Science cannot even agree on a practical definition of intelligence. Unless you let biologists, psychologists and neurologists work with computer scientists to advance the discussion, I don't think it's worth it to explore machine learning techniques to pursue intelligence.
Don't call it ML or AI, call it "improved statistical prediction". The buzz will quickly fade.
It certainly works, but magic it ain't. You need an experienced practitioner and lots of patience.
27 years later, not just 99.99% of the humans in general but of my "fellow" programmers, if I can call them so, are still stuck at this petty ignorance level.
What, in your estimation, are some current or near-future trends that represent an objective improvement to the state of the art?
Train a model and then set it loose to do exploratory testing, looking for valid-looking inputs that cause the wrong answer to be returned from our entirely pedestrian Plain Old Business Logic. The AI proposes a scenario, but the human is the final arbiter.
So rather than competing with the human brain...AI will try and trick the human brain instead.
I've yet to see a deep fake that's even remotely indiscernible from the real thing.
A DF has a pretty specific meaning if you are diving into the technical aspects. It's an approach that has a lot of specific limitations that put a practical ceiling on how good it can be. For example, it's a 2D system that won't capture lighting differences with good accuracy. The limitations become more apparent as resolution increases.
Newer systems use source material to generate 3D facial models. The face in the target video is also 'motion captured.' The target video's lighting is estimated and a resulting face image is rendered and composited into the target. That's a lot closer to the pipeline of movies such as Gemini man.
So while DF isn't a technique used in movies, machine learning is heavily involved. It's built into model generation, motion capture, animation, etc. Artists will start with captured/generated assets and hand-tweak them to get the desired result.
It's very hard to not overstate when overstating brings you clicks, likes, retweets, and dopamine spikes.
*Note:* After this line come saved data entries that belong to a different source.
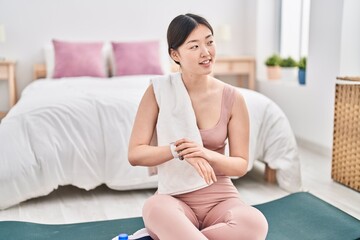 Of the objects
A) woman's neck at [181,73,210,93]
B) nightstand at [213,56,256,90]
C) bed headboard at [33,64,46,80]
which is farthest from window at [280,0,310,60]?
woman's neck at [181,73,210,93]

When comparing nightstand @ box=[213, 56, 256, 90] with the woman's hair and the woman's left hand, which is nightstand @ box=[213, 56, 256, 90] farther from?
the woman's left hand

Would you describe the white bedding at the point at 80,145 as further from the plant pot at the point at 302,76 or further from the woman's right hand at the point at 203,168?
the plant pot at the point at 302,76

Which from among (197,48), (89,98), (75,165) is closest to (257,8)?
(89,98)

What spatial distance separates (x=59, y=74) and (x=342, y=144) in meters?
2.79

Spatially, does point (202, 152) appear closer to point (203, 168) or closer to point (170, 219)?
point (203, 168)

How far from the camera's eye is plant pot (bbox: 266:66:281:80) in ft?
16.6

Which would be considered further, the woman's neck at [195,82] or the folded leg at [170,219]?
the woman's neck at [195,82]

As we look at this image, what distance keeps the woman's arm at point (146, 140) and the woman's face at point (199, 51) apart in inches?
7.7

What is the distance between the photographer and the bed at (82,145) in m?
2.56

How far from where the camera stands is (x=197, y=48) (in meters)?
1.66

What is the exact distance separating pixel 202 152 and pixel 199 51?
36cm

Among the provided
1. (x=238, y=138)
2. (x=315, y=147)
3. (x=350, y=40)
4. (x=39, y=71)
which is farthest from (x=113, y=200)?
(x=39, y=71)

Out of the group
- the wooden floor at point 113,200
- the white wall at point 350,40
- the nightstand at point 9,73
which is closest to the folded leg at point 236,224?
the wooden floor at point 113,200

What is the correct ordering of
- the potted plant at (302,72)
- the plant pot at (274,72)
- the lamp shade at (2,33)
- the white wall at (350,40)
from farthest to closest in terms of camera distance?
the plant pot at (274,72)
the lamp shade at (2,33)
the potted plant at (302,72)
the white wall at (350,40) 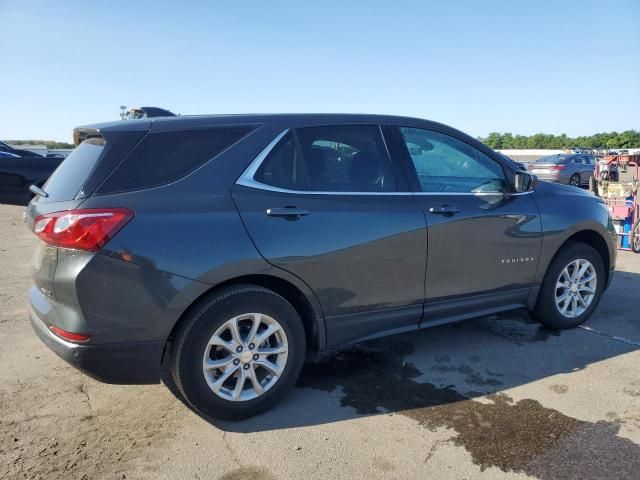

The key thing here is that the core ingenuity of ML is statistics - the limits of which are well known.
ML hype is false promises based on uninformed wild extrapolation.
The two minute papers guy made a material predictor to cut down on preview render time. Quixel uses ml for search. Substance and Houdini are gaining tools soon. Blender has used it behind the scenes for its new neblua tool. Mocap & animation are bathed in it. There's probably a lot more I can't recall right now.